August 17, 2016 § Leave a comment
This is one of the art walls from the regular Wednesday morning class at Insight Memory Care Center, Fairfax, Virginia, masterpieces created with love and passion from participants with disorganized brains at different competency levels.
Insight is my dear husband’s day care center. Three times a week, his reports of daily activities are vague since he cannot retrieve descriptive words. This center is enriching his life by giving him opportunities to face each day with enthusiasm and renewed interest. He is always looking ahead. It is a priceless experience encouraging participants to use the skills and abilities they still possess. They cannot reflect on what’s lost. Even when he tells me that he was sitting around in the late afternoon and it was ‘boring,’ I am so glad that he is in the company of so many people who care, the staff, and the participants, some just like him, well educated professionals whose life paths have take unexpected turns.
When I learned that the art program was on a day that he did not attend, I changed his schedule. My gratitude goes to the art therapists and instructors who lead art groups everywhere. My husband says that the artists tell him “what to do next,” one session at a time with no pressure to hurry up and quickly finish.
He wakes me at dawn so there’s no chance that he’ll be late to the Center and miss the class. At first he was complaining that he was the only ‘boy’ but I think there’s more now among the classmates. Head down, marker in hand, he’s busy at work.
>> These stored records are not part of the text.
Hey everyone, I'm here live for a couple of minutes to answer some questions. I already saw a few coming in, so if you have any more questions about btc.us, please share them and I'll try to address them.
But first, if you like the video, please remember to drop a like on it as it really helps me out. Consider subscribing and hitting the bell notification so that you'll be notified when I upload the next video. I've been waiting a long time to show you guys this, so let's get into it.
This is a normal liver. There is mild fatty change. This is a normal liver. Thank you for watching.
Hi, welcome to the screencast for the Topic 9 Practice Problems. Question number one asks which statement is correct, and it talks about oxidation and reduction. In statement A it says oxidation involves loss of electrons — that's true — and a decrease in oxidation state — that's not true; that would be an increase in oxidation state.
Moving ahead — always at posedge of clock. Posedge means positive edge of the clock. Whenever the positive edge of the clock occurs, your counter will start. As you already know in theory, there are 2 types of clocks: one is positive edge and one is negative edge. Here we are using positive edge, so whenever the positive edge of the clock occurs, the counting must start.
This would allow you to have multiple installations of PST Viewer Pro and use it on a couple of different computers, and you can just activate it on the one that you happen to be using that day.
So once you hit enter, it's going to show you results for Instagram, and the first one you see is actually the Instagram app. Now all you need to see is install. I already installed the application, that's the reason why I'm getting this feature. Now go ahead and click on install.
When participants tire themselves out searching for words, let them find self expression using colored markers and crayons. My dear husband will soon compete with me for wall space in our home! These are his works of art.
Without rational thought, he does not evaluate or criticize. He is compliant and happiest when he performs on someone else’s cues, meets their expectations. He is free to just color, enjoy the moment, not judge – something good to write about having a brain in decline. I am so proud of him and often tell him so! Yesterday he came off the bus that brings him home at the end of the day and with tears in his eyes, he told me how happy he was to see me and that he loves me. There are blessings on the rough road.
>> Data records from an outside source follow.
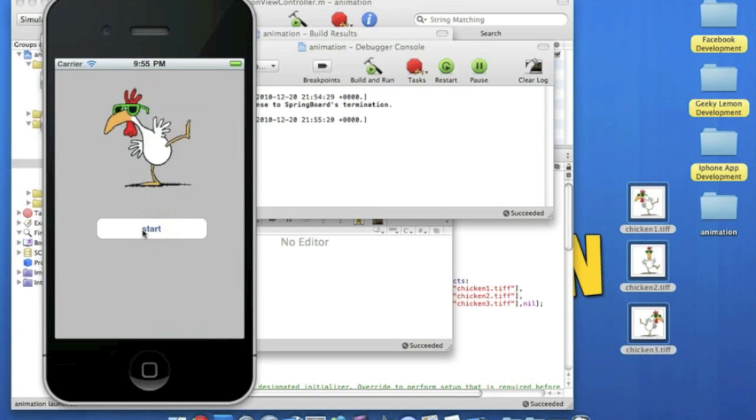So that's simply how you create an animation. So any questions, just put them in the comments below. But apart from that, make sure you subscribe and also follow me on Twitter and Facebook. So the usual. Comment, rate, subscribe. And I'll see you on the next tutorial.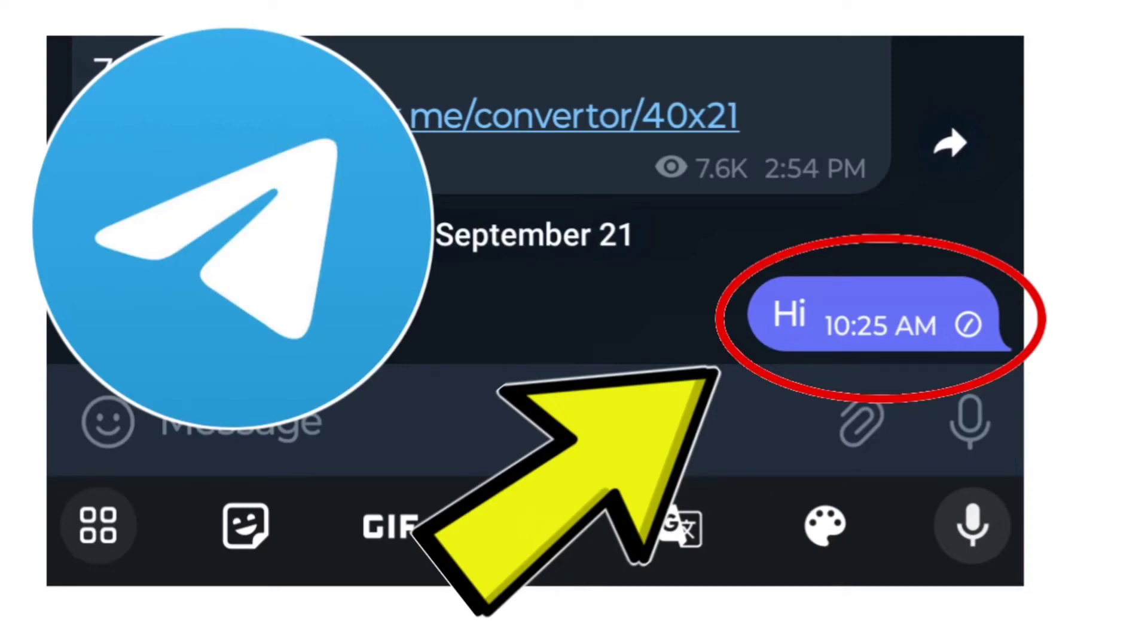How to fix Telegram app messages not sending and stuck on clock icon - a step-by-step detailed solution.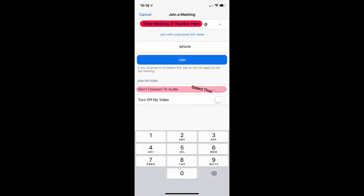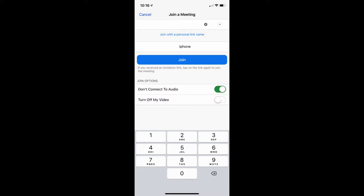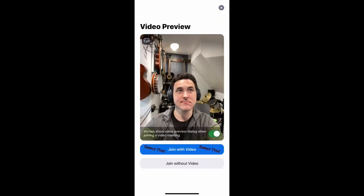When you join a meeting on your iPhone app, at the top you'll see an area to enter the meeting ID number — go ahead and enter your teacher's meeting ID there. In the middle you'll see join options. Select 'Don't connect to audio,' then hit join, and you'll see a little preview of your face. Click 'Join with video' — we want the video.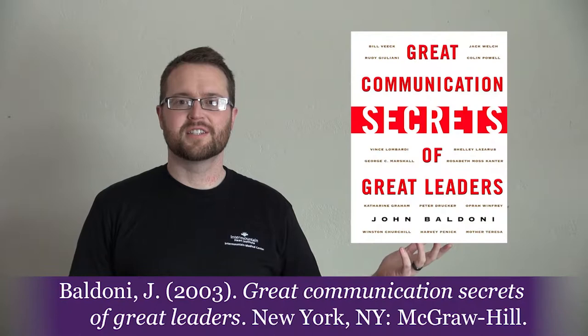Hi, I'm here to talk about a book called Great Communication Secrets of Great Leaders by John Baldoni.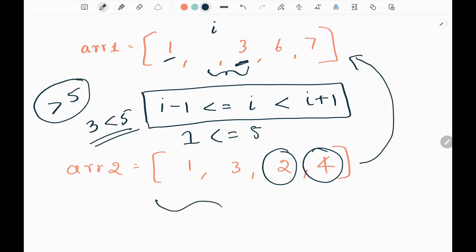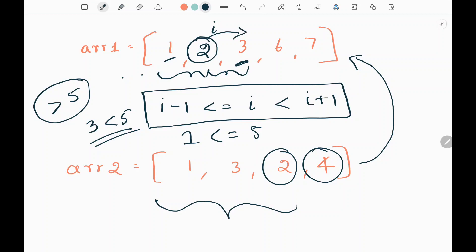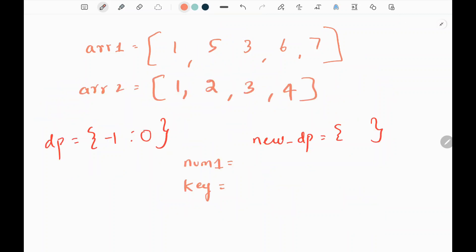We sort array2 so that we always pick the minimum element greater than the previous element. This guarantees no clash between the current element and upcoming elements. We use binary search to pick that minimum element from array2. We also create a hash table DP initialized with key negative 1 and value 0, where keys represent elements and values represent the minimum number of replacements required.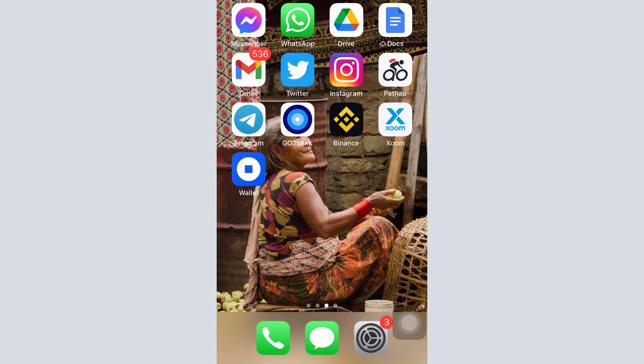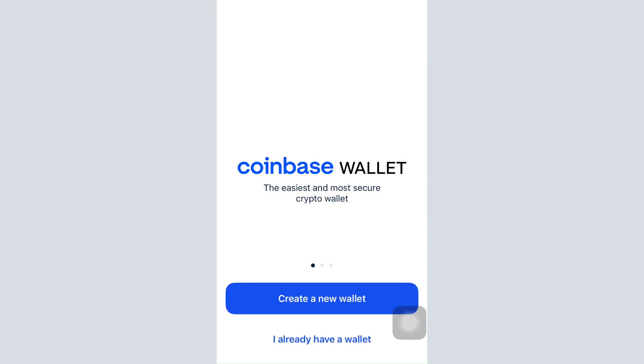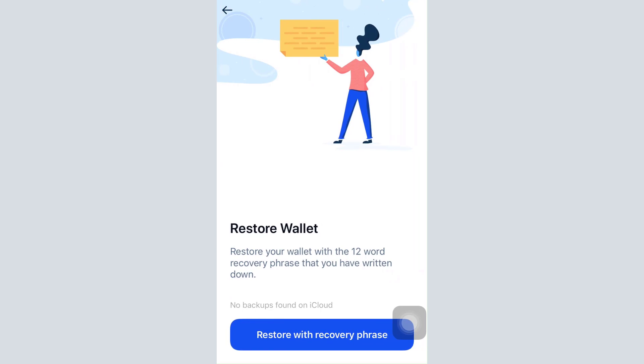Hi everyone, welcome back to my channel. I'm back with another tutorial video for you guys. Today I'm going to show you how you can log into your Coinbase Wallet account. First of all, make sure that you've already downloaded the app on your mobile device and open up the app. As you open up the app, tap on 'I already have a wallet.'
August 17, 2016 § 2 Comments
On an airline, we search for the lavatory door ofttimes considering the pilot’s locked door. We have to determine whether it is available and look at the door opener gismo hoping to intuitively figure out how it works so we won’t be embarrassed by asking for help.
Imagine that you have dementia and while feeling the pressure of having to ‘go’, ask yourself what does vacant/occupied mean, how does it work, is it even a door, is it private and will I be surprised or confused by what’s inside. What is flush or a call button? How do I turn on the water to wash my hands? What to do with soiled toilet paper? Am I hearing an announcement telling me to return to my seat; is it the toilet seat, the one I’m on? Do I know how to get out and where do I go? Am I having an emergency, are we landing …wait, how do I get rid of the stuff I’m leaving behind???
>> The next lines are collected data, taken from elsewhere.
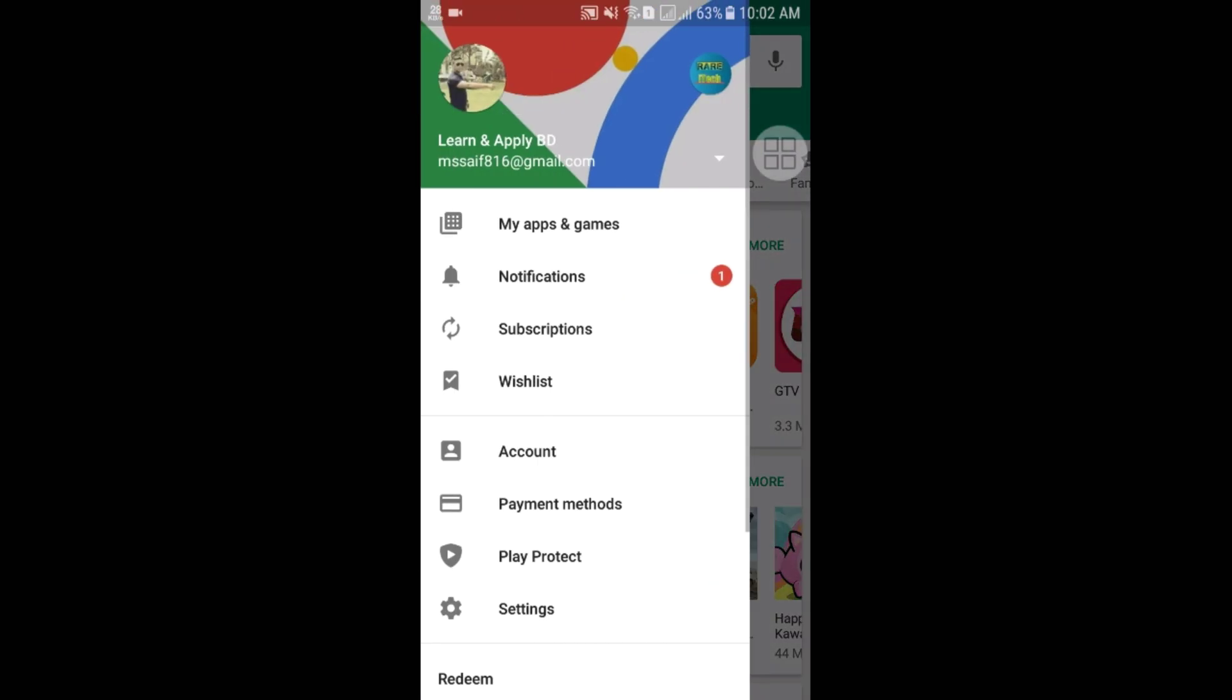Actually, Google account is really very important for downloading any kinds of software from Play Store or for running your Android phone with networking system.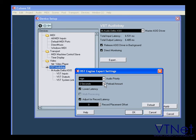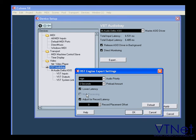Multi-processing. These options are for computers with more than one CPU. Adjust for recording latency and record placement offset are self-explanatory.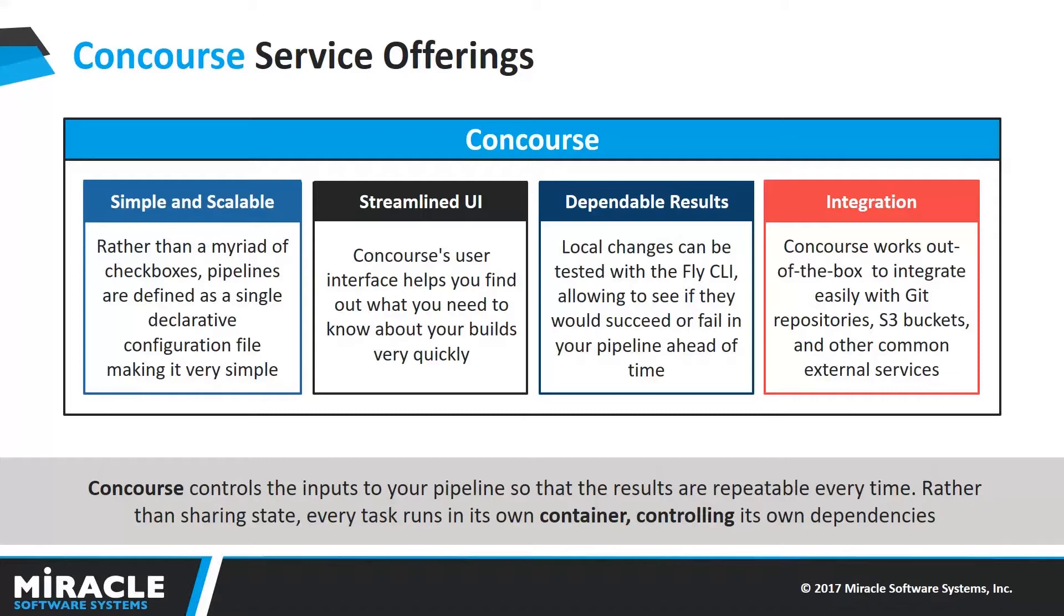Concourse supports custom resource types to extend pipelines in a more effective way. It expresses these interactions as a resource, allowing you to delete your boring plumbing code and focus on your interesting code instead.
Flushing, knowing what it is and how to do it is something we take for granted but to my sweet husband, it is another very confusing activity of daily living. On our recent trip, he returned to his seat and asked me how he gets rid of “it.” I hadn’t prepared him beforehand, I hadn’t thought of that. He wanted to know what does the flush look like, is it in front or behind him when he’s seated or standing, is it behind the lid and how does he lower the lid.
He tried to reassure me that there was no problem, this time. Three days later, when he asked if something interesting was on my screen, I said I was writing about flushing, he said “it wasn’t a problem, he flushed the second time and it’s done” meaning that training works!
Being one step ahead and keeping my loved one safe is a constant learning experience and I should have been the next restroom guest in line. I worry about a real emergency in the restroom; he could not press a brightly colored button or pull a cord to summon help.
And a comment about why he needs to use the restroom so often. He gives me a variety of reasons besides the two I already know, anxiety and obsessiveness. He must do this for fear that, unknowingly, he will lose it. This recently happened, could not explain why but it embarrassed him. I understand a little more now. Flow just comes when you have dementia. It becomes mysterious. Unlike a child’s discovery of mastery over bodily functions and delight, in dementia there is only loss and sadness. We will work hard to keep it together for dignity and pride.